On Oct 30, 2007, at 2:41 PM, Robert K. wrote:

when "Logical reads:"

        $log_read_cnt[0] += 1
        $log_read_cnt[1] += top_event[1].to_f

count = Hash.new{|h,k| h.update k => Hash.new{|h,k| h.update k => 0}}

case top_event[0].strip
when /redo size:/i
count[:redo][0] += 1
count[:redo][1] += Float(top_event[1])

when /logical reads:/i
count[:read][0] += 1
count[:read][1] += 1

require ‘yaml’

y count

is one approach.

cheers.

a @ http://codeforpeople.com/

ara.t.howard wrote:

count = Hash.new{|h,k| h.update k => Hash.new{|h,k| h.update k => 0}}

This works…

count = Hash.new{|h,k| h[k] = Hash.new{|h1,k1| h1[k1] = 0}}
=> {}
count[:foo][1] += 1
=> 1
count[:foo][1] += 1
=> 2
count[:foo][1] += 1
=> 3

On Oct 30, 2007, at 3:40 PM, Joel VanderWerf wrote:

This works…

count = Hash.new{|h,k| h[k] = Hash.new{|h1,k1| h1[k1] = 0}}
=> {}
count[:foo][1] += 1
=> 1
count[:foo][1] += 1
=> 2
count[:foo][1] += 1
=> 3

oh yeah, of course :wink: i’m in the habbit of using ‘update’ from
‘inject’ where is saves you having to return the hash itself…
shorter is better always.

cheers.

a @ http://codeforpeople.com/

ara.t.howard wrote:

=> 2
count[:foo][1] += 1
=> 3

oh yeah, of course :wink: i’m in the habbit of using ‘update’ from
‘inject’ where is saves you having to return the hash itself… shorter
is better always.

…but only if returning the hash is the right thing to do.
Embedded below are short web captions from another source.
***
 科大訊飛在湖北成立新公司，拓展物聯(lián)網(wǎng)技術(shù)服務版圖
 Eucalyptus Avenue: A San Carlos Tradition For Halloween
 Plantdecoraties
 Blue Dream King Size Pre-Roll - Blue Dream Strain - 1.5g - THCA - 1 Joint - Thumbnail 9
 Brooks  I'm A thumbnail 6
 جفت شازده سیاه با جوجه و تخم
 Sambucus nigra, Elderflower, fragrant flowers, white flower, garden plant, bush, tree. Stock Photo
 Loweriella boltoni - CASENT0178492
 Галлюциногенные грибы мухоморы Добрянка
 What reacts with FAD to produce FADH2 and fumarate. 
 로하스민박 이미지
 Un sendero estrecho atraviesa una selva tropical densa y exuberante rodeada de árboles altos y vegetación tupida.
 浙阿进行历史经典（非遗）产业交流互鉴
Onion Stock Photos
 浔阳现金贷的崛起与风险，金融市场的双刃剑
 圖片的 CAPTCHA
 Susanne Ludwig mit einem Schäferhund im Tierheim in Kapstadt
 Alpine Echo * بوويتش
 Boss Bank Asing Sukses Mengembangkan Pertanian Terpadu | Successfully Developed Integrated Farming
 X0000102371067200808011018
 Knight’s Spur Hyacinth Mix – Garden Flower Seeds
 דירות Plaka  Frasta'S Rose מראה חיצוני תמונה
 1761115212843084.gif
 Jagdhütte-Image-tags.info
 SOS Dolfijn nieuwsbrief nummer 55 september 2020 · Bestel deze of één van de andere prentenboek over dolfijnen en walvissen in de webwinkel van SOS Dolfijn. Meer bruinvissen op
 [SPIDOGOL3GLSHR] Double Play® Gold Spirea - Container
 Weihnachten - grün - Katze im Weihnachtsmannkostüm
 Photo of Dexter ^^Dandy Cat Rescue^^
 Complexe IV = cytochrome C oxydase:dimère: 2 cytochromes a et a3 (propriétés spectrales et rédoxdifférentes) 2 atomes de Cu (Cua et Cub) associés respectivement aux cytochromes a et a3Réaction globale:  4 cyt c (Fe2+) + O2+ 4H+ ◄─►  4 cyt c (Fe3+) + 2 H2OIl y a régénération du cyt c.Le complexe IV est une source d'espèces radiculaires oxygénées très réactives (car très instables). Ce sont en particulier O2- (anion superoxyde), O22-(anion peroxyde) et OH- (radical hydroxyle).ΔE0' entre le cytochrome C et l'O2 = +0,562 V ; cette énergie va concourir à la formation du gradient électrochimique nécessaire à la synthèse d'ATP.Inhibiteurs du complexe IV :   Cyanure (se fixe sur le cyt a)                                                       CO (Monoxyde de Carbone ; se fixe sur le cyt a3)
In this
case, we want the “leaf” value, not the hash:

irb(main):034:0> count = Hash.new{|h,k| h.update k => Hash.new{|hh,kk|
hh.update kk => 0}}
=> {}
irb(main):035:0> count[:foo][1] += 1
NoMethodError: undefined method `+’ for {1=>{}, :foo=>{}}:Hash
from (irb):35
irb(main):036:0> count
=> {1=>{}, :foo=>{}}

Robert K. wrote:

The data lines look like this:

" category value"

case top_event[0].lstrip.rstrip
when “Redo size:”

        $redo_cnt[0] += 1
        $redo_cnt[1] += top_event[1].to_f



when "Logical reads:"

        $log_read_cnt[0] += 1
        $log_read_cnt[1] += top_event[1].to_f

This might be easier to understand:

#Create a hash, so that when you use a
#key that doesn’t exist, it creates the key,
#assigns it the array [0,0], and returns the
#array:
categories = Hash.new() do |hash, key|
hash[key] = [0,0]
end

#Loop over each line in a file:
File.foreach(“data.txt”) do |line|
arr = line.split(":")
cat = arr[0].strip
val = Float(arr[1]) #causes an error if can’t convert

categories[cat][0] += 1
categories[cat][1] += val
end

p categories
puts categories[“Make pie”][0]
puts categories[“Redo size”][1]

Using this data:

Redo size: 1.1
Logical reads: 2.1
Redo size: 1.1
Hello world: 3.1
Make pie: 4.1
Hello world: 3.1
Make pie: 4.1
Make pie: 4.1

this is the output:

{“Make pie”=>[3, 12.3], “Hello world”=>[2, 6.2], “Redo size”=>[2, 2.2],
“Logical reads”=>[1, 2.1]}
3
2.2

2007/10/30, Robert K. [email protected]:

I am just learning RUBY and am very impressed, I one week I’ve built tree routines that will save my group 6 to 7 hours each week, and they run in 2 minutes. Pretty cool. I would appreciate a suggest on how to do some. I have a script that correctly parses a directory full of text file and extracts key data. The data lines look like this:

" category value"

I have 15 categories and the code below works. But is crude. I create 15 global arrays and match each line “category” to the text trying in the case statement. Would hash or an object work better. Just looking for pointer of which way to direct my research. Thanks!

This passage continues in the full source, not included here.